Allow me to illustrate from the physical realm. Imagine I had a set of challenging and unexplainable physical health problems. After a lot of struggle and problems and doctoring it came out that I had been drinking from a polluted water source. Now I know that I need to stop drinking that water and also find out what was in the water. Once I know that I need to understand what the pollutants were and how they have impacted my health. And then I can take steps towards dealing with those symptoms in order to restore my health.
Same with ACEs. Once I understand that my present struggles are tied to my childhood experiences, I can begin to face those things in order to pursue healing.
The ACE Pyramid
One of the things the researchers discovered is that there were a potential set of negative changes that built one upon another. They charted this out as a pyramid because you have many people at the bottom and few at the top. In other words, the further up the pyramid you go the less likely you are to be affected unless you’ve had very severe ACEs.
The base level of the pyramid is the adverse childhood experiences themselves.
The next level up is disrupted development. So children with ACEs experience poor physical and mental development due to abuse, trauma or neglect.
The next level from there is social, emotional and cognitive impairment. Some of those children as adults will manifest poor coping skills, attachment disorders, mental illness, and cognitive impairment.
Next, some of them will go on to adopt health-risk behaviors. Risky behaviors such as smoking, alcohol use or promiscuity. Often adopted as coping mechanisms to help them survive the difficult circumstances they find themselves in.
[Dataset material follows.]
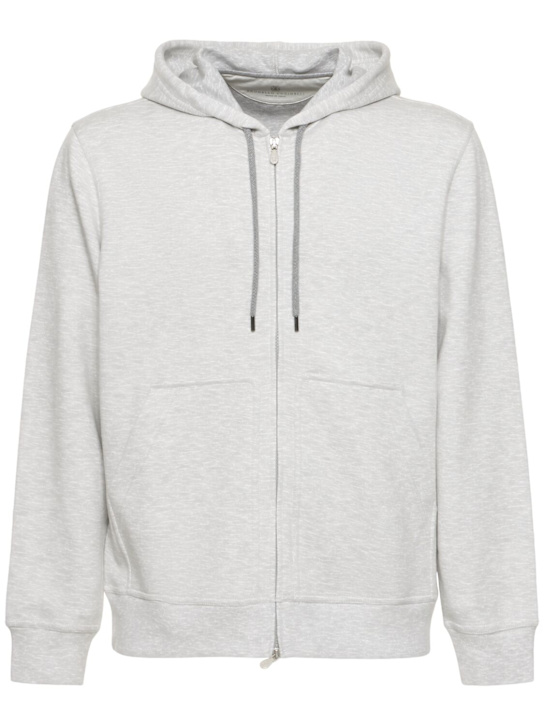 Brunello Cucinelli: Leisure zipped sweatshirt - Grigio Perla - men_0 | Luisa Via Roma
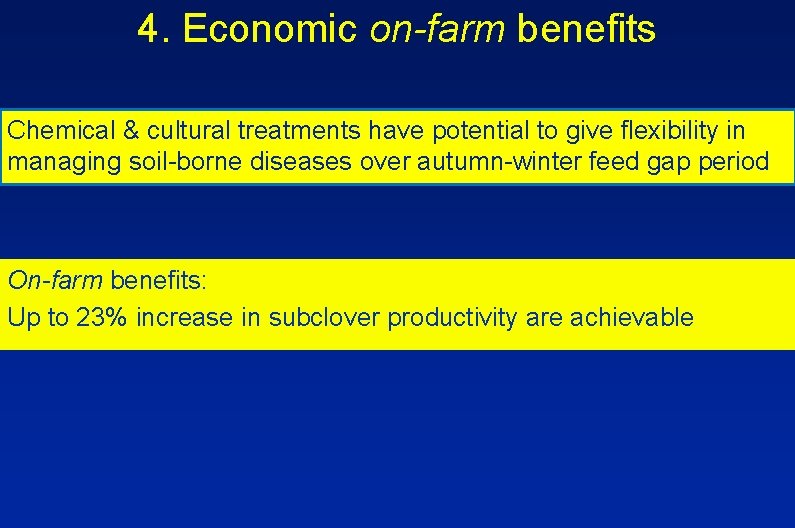 4. Economic on-farm benefits Chemical & cultural treatments have potential to give flexibility in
Again the next level up involves some of that group experiencing disease, disability, and social problems. These are typically caused by both poor development and risky behavior choices. This is exacerbated by low economic income caused by low cognitive ability leading to low achievement and employment prospects. You’ve got this whole cocktail of poor lifestyle choices and bad surroundings making it all the more likely your physical and mental health will suffer.
Finally, the peak of the pyramid is one sad little triangle with the words “early death” in it. Yes, people with higher ACEs are at greater risk of premature death.
Some specific effects caused by ACEs include:
- Increased risk of chronic illnesses including cancer, heart disease and liver disease[iii]
- Poor work performance, low academic achievement, leading to financial strain
- Risk of mental health issues such as depression and increased risk of suicide
- Risk of drug abuse and alcoholism
- Higher rates of teen pregnancy and STDs
The effects are cumulative- the more forms of abuse are present in a child’s life, the higher the risk of each of these outcomes becomes[iv].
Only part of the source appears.